Mio padre viene da una famiglia di costruttori, che operano fin dal 1400 in Franciacorta. Suo nonno paterno era costruttore, ed anche suo padre. L’amore per la terra, invece, l’ha ereditato dal nonno materno. Un amore profondo, i ricordi più belli della sua infanzia sono proprio legati alle estati nella campagna franciacortina, così da fargli decidere, “da grande” di fare agricoltura e di scoprirsi vignaiolo. La sua determinazione fa sì che l’intuizione prenda forma. Così nasce Bellavista. In principio si tratta di pochi ettari, una casa di famiglia e adiacente la cantina, con il desiderio di fare del buon vino da condividere con gli amici. Determinanti saranno i viaggi in Francia e la sua voglia di costruire un territorio, prima della cantina.
Con che aggettivo definirebbe l’annata 2016 della Vittorio Moretti? E perché?
Se devo sceglierne solo uno direi luminoso. Perché la luce, soprattutto quella bianca, è composta da tutti i colori dello spettro, è pura complessità. Una luce equilibrata, compiuta, energica, che rasenta la perfezione.

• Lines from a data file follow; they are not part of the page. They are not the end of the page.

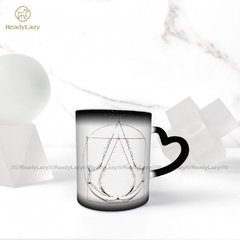 Assassins Creed Caneca assassins creed as mudanças de cor atacado caneca engraçada porcelana copos cappuccino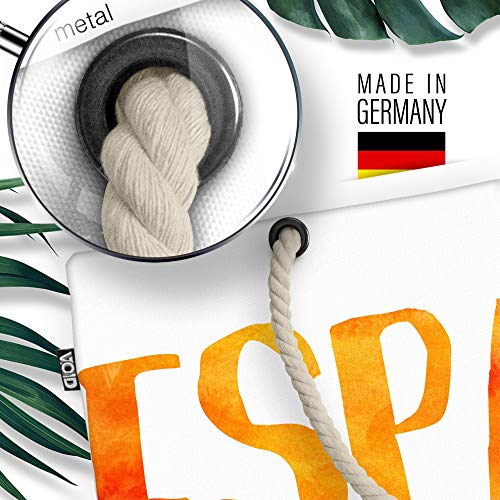 VOID España Bolsa de Playa 58x38x16cm 23L Shopper Bolsa de Viaje Compras Beach Bag Bolso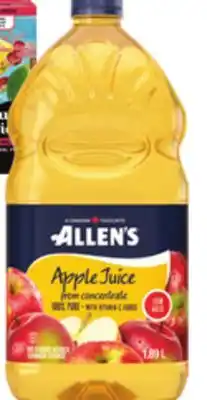 Metro ALLEN'S OR ROUGEMONT APPLE JUICE offer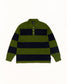 Stussy "Pique Knit Stripe Rugby" Mens - Olive
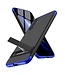 GKK Zwart / Blauw Houder Hardcase Hoesje voor de Samsung Galaxy A34
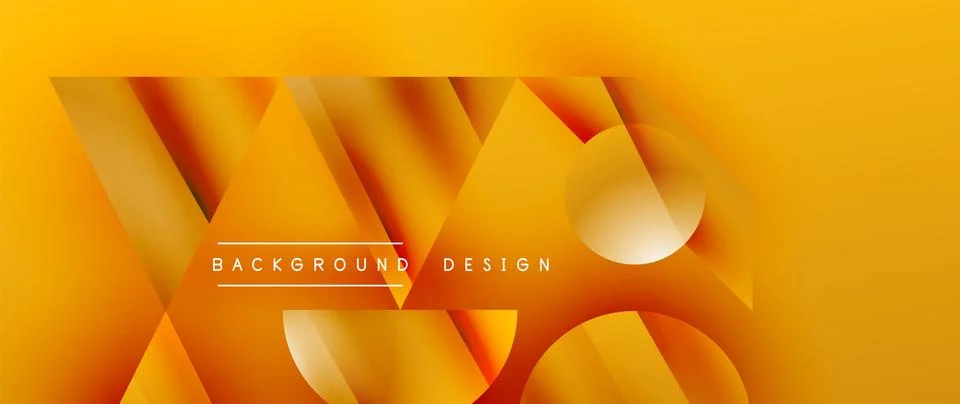 Captivating abstract backdrop composed of interlocking triangles and circles Stock Illustration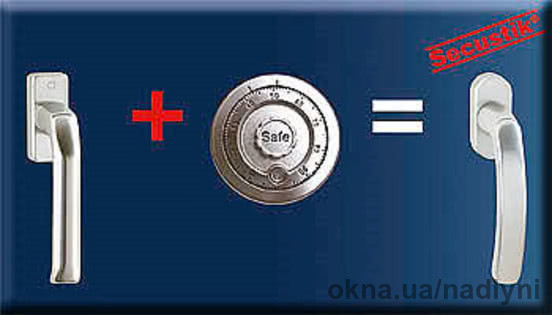 "Надійні Вікна" повышают безопасность - все окна Rehau укомплектовываются антивзломной ручкой "Hoppе Secustik"!
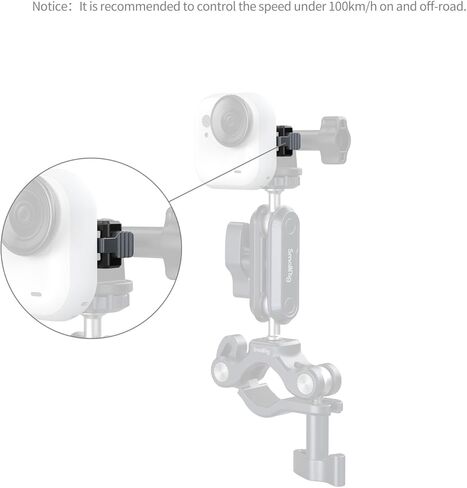 دعم محول SMALLRIG سريع التحرير مع واجهة قابلة للطي ذات شقين وواجهة مترابطة لكاميرات Insta360 GO Ultra، الفردية - 5919 in Saudi Arabia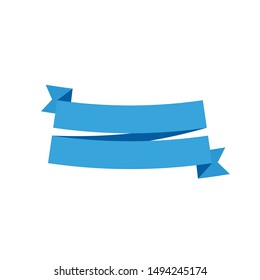 3D Ribbon, text frame EPS Vector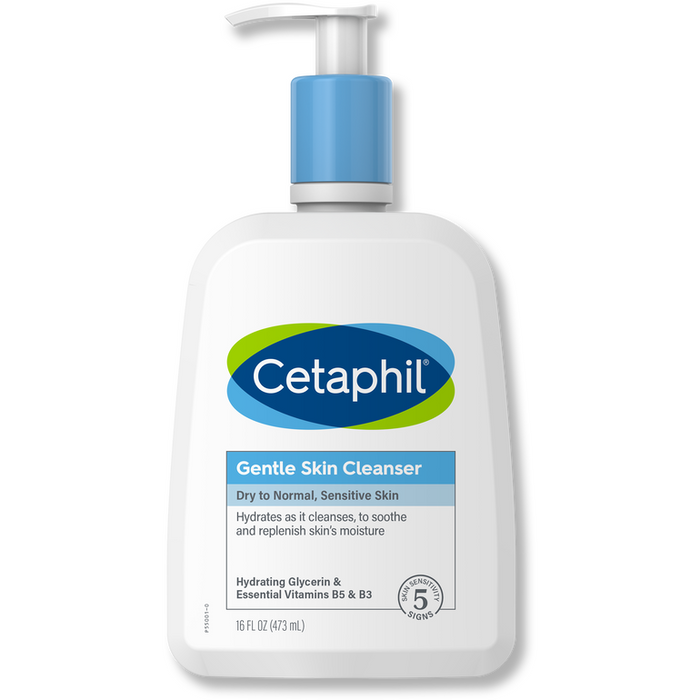 Cetaphil Gentle Skin Cleanser, Hydrating Dry/Normal Sensitive Skin - 16.0 Fl Oz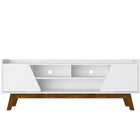 Manhattan Comfort Marcus Mid-Century Modern 63" TV Stand in White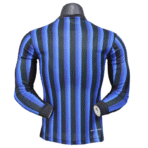 Inter Mailand Heimtrikot – Fußballtrikot mit langen Ärmeln, Spielerausführung 25-26 - Image 2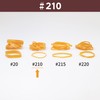 Rubber Band #210 < 17.6 oz (500 g) Transparent Bag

Nel 2021 c’è stato un cambio di guardia, avete salutato lo storico enologo Mattia Vezzola, ed il testimone è passato a lei con la consulenza di Richard Geoffroy. Cosa è cambiato – se qualcosa è cambiato – nelle scelte enologiche?
Le scelte enologiche cambiano ogni anno, sono strettamente legate alla vendemmia. Non cambia però lo stile, non cambia il metodo, non cambia la visione e la tensione verso l’eccellenza. Bellavista continua a fare ciò che ha sempre fatto: grande attenzione alla campagna, all’uomo, ai gesti, all’artigianalità e alla manualità. Ma noi siamo soprattutto degli osservatori, ogni annata è diversa e noi dobbiamo saperla interpretare alla luce del nostro territorio, senza mai dimenticare la nostra memoria.
Cosa sta imparando dallo “chef de cave”?
Da Richard sto imparando soprattutto a guidare la squadra di enologi ed agronomi, a costruire con loro il futuro di Bellavista, sto imparando ad ascoltare e portare nel bicchiere tutta la mia sensibilità. È un grande professionista, ma soprattutto un uomo di animo nobile e generoso.
Cosa significa prendere il testimone di un imprenditore importante come suo padre?
Significa custodire il suo sogno e non smettere di sognare. Significa condurre Bellavista nel futuro, e insegnare alla prossime generazioni a prendersene cura.
Cose le piace e non le piace in questo momento del mondo del vino?
Mi piace l’attenzione all’ambiente. Io sono un’ecologista da sempre, credo molto nella sostenibilità ambientale, umana, sociale e credo che dobbiamo impegnarci a fondo affinché non si abbassi mai la guardia, si continui a lavorare nella direzione del produrre vino con estrema attenzione a tutto ciò che ci circonda, rispettosi dei territori, delle persone e delle imprese.
Il mondo del vino potrebbe fare di più e meglio.